Parser Compatibility¶

By default, the package will detect installed parser libraries and choose the first one we find, so a vanilla Workbook() instantiation should Just Work.

from htmxl.compose import Workbook

workbook = Workbook(parser='beautifulsoup')
workbook = Workbook(parser='lxml')

Importantly, the parsers will not exhibit identical behavior when handed the same templates. In general the lxml parser will be stricter and more prone to requiring “correct” HTML, while beautifulsoup is more permissive and will allow erroneous HTML. That tradeoff, however, generally leads to lxml being noticeably faster with large amounts of data.

While you can look to the specific libraries for a comprehensive set of behaviors, we can identify those which we’ve we’ve seen in the wild during the use of this library.

Closing Tags¶

Lxml requires closing tags to be explicitly closed.

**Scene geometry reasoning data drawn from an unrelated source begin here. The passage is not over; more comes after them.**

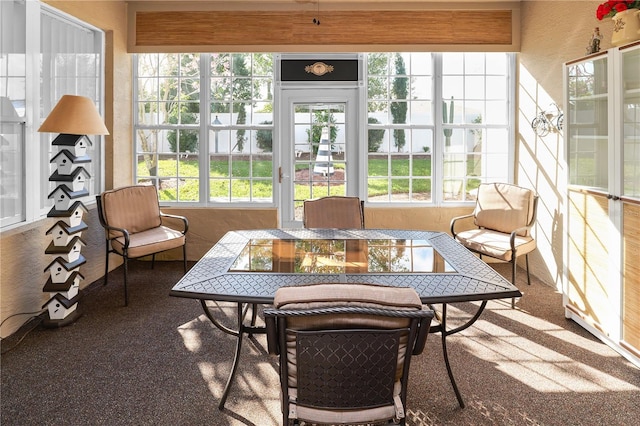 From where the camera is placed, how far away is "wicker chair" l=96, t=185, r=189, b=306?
4.45m

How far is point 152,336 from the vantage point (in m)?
3.56

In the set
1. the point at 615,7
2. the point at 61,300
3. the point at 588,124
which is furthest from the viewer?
the point at 61,300

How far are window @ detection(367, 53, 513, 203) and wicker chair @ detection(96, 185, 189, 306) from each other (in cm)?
258

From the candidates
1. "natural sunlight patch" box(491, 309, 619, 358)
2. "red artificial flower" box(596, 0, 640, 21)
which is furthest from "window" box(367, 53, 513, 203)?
"red artificial flower" box(596, 0, 640, 21)

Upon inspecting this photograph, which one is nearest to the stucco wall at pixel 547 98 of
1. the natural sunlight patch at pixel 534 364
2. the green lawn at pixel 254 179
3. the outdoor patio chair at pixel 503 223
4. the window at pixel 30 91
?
the outdoor patio chair at pixel 503 223

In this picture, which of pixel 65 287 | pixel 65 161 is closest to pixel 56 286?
pixel 65 287

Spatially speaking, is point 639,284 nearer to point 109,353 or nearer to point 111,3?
point 109,353

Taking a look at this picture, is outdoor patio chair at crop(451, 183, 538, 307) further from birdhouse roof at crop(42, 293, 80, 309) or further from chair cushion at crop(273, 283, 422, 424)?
birdhouse roof at crop(42, 293, 80, 309)

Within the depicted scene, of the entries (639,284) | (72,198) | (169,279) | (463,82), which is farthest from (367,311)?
(463,82)

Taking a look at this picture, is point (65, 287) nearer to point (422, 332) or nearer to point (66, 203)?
point (66, 203)

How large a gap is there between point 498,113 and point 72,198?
16.0ft

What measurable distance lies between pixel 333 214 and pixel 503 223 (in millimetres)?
2038

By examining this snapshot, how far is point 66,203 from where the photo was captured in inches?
150

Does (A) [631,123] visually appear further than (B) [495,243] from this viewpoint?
No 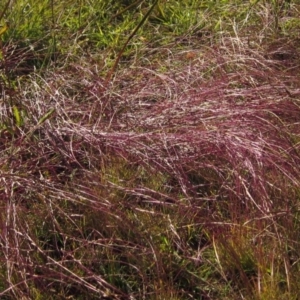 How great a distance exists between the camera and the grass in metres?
2.39

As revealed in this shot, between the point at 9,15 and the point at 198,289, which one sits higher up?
the point at 9,15

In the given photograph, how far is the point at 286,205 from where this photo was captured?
2.62m

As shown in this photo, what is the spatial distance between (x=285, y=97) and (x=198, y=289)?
3.66 ft

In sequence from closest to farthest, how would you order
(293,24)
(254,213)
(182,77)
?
(254,213) < (182,77) < (293,24)

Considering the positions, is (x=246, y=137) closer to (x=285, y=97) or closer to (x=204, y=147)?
(x=204, y=147)

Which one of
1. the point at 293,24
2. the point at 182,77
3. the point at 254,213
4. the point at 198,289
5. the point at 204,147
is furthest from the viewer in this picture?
the point at 293,24

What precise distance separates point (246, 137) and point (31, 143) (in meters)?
0.77

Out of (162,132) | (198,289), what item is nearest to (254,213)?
(198,289)

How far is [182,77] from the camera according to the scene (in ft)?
11.4

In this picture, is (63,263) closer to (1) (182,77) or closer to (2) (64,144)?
(2) (64,144)

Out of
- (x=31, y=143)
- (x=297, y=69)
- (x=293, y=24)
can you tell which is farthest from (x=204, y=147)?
(x=293, y=24)

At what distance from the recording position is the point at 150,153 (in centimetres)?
288

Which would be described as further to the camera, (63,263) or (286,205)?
(286,205)

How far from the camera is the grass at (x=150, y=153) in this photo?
2391mm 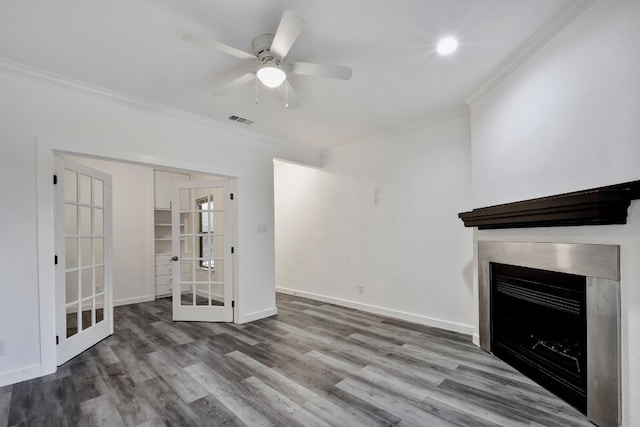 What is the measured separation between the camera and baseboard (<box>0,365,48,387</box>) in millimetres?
2395

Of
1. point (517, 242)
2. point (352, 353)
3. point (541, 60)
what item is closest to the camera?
point (541, 60)

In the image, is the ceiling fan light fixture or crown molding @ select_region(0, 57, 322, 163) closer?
the ceiling fan light fixture

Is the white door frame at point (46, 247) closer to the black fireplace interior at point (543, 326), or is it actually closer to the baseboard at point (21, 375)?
the baseboard at point (21, 375)

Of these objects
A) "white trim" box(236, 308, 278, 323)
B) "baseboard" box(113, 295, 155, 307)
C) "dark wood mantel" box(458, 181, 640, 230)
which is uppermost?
"dark wood mantel" box(458, 181, 640, 230)

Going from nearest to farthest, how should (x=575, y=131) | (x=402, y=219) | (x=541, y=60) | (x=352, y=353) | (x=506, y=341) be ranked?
(x=575, y=131)
(x=541, y=60)
(x=506, y=341)
(x=352, y=353)
(x=402, y=219)

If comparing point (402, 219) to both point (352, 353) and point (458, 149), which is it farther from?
point (352, 353)

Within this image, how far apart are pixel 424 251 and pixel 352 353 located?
5.40ft

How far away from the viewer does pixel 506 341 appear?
2721 mm

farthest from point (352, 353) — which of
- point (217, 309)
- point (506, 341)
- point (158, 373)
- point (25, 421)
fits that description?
point (25, 421)

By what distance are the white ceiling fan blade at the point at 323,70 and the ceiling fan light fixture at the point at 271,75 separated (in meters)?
0.11

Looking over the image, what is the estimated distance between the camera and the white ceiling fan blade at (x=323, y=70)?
2.04m

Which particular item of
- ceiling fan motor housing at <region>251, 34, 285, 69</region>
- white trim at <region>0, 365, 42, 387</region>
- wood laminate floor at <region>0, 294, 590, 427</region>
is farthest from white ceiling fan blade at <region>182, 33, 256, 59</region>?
white trim at <region>0, 365, 42, 387</region>

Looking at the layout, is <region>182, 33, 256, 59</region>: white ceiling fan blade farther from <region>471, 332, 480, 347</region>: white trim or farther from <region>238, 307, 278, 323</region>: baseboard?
<region>471, 332, 480, 347</region>: white trim

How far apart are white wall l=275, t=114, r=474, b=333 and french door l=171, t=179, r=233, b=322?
68.2 inches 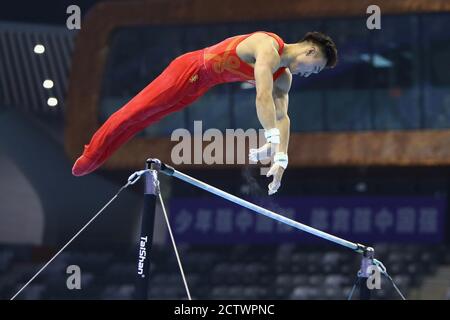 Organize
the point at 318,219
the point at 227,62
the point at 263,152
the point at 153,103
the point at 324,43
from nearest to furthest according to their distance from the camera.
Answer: the point at 263,152, the point at 324,43, the point at 227,62, the point at 153,103, the point at 318,219

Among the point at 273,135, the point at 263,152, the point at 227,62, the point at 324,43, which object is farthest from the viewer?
the point at 227,62

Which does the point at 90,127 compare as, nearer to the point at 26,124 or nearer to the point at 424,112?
the point at 26,124

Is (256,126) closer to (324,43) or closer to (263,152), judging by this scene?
(324,43)

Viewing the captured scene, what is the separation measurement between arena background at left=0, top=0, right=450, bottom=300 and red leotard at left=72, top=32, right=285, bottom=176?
10.8 meters

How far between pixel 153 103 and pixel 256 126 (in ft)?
38.9

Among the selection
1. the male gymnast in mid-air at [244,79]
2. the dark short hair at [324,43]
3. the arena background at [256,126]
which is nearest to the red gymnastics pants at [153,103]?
the male gymnast in mid-air at [244,79]

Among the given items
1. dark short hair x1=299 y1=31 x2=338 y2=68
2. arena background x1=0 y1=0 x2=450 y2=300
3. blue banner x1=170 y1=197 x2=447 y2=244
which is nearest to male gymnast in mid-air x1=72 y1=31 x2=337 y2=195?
dark short hair x1=299 y1=31 x2=338 y2=68

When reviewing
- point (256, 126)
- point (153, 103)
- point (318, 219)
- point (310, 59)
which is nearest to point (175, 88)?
point (153, 103)

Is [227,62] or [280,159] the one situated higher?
[227,62]

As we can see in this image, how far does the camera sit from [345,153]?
63.7ft

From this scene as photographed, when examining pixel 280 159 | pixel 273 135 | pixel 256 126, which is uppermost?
pixel 256 126

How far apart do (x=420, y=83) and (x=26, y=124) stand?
350 inches

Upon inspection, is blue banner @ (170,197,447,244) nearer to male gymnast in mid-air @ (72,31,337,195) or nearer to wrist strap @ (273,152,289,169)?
male gymnast in mid-air @ (72,31,337,195)

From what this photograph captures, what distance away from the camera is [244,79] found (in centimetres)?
721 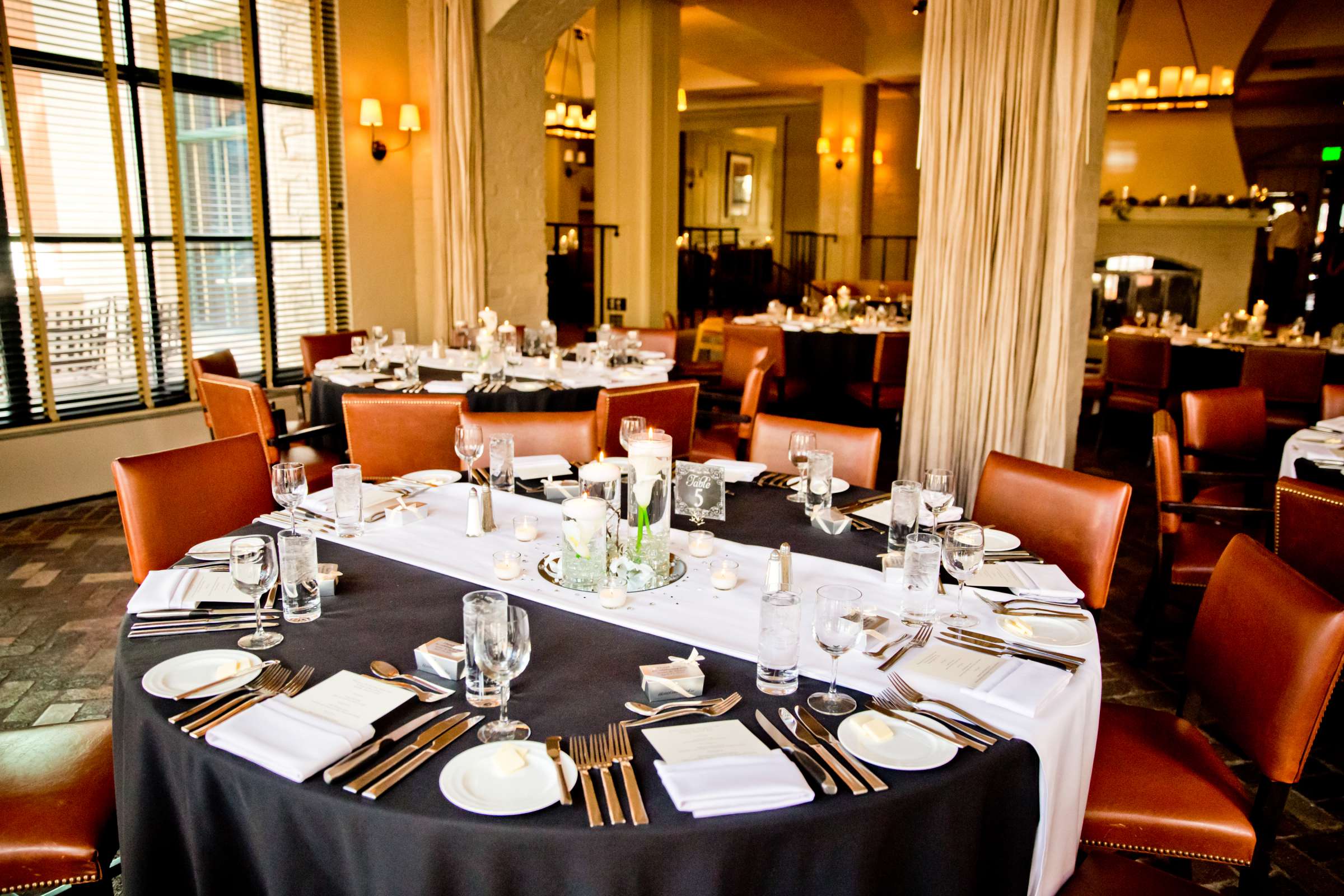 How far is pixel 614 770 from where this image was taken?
1415 mm

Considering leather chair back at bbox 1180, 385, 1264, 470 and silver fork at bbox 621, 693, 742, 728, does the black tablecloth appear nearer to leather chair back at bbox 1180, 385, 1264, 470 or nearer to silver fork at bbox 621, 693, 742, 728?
silver fork at bbox 621, 693, 742, 728

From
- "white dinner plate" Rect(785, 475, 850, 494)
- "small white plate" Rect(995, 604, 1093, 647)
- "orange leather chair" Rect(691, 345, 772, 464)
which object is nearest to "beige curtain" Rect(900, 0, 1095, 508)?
"orange leather chair" Rect(691, 345, 772, 464)

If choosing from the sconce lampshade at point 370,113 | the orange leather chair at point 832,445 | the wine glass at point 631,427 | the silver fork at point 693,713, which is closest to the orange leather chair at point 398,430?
the wine glass at point 631,427

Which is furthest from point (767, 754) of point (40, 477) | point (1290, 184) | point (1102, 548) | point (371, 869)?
point (1290, 184)

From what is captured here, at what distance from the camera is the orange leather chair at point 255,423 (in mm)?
4035

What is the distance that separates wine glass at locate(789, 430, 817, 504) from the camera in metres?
2.81

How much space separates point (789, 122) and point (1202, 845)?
16.4 meters

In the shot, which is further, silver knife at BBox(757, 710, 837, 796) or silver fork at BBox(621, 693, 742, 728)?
silver fork at BBox(621, 693, 742, 728)

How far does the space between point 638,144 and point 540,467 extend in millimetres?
6309

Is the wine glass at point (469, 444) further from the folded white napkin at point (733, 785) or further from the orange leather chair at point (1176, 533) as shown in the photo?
the orange leather chair at point (1176, 533)

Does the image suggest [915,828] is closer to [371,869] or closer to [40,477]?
[371,869]

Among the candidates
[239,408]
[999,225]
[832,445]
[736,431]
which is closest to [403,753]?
[832,445]

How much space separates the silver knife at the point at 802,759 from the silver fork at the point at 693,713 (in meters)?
0.06

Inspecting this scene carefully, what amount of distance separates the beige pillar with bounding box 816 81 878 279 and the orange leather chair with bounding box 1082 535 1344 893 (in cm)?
1175
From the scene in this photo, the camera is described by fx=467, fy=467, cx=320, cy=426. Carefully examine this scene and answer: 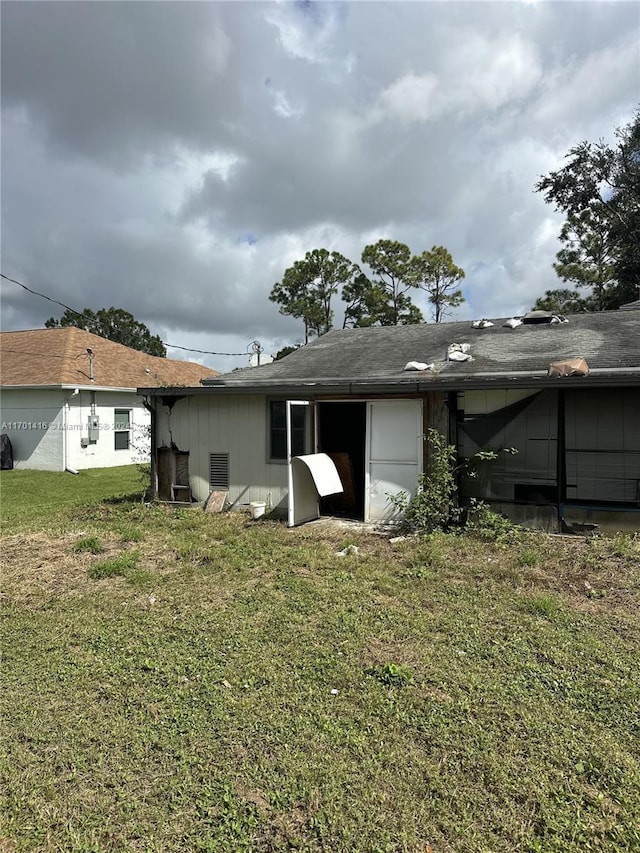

This manifests itself in two obvious ways that might allow a template to succeed with the BeautifulSoup parser, while it might fail (raise an Exception) with lxml.

Consider

<div>
   <span>Foo
</div>

BeautifulSoup will happily allow the above template, while lxml will complain about the unclosed <span> block.

Also consider

<div>
   Foo
   <br>
   Bar
</div>

Self-closing tags, like br must also have the closing part, i..e <br /> with lxml.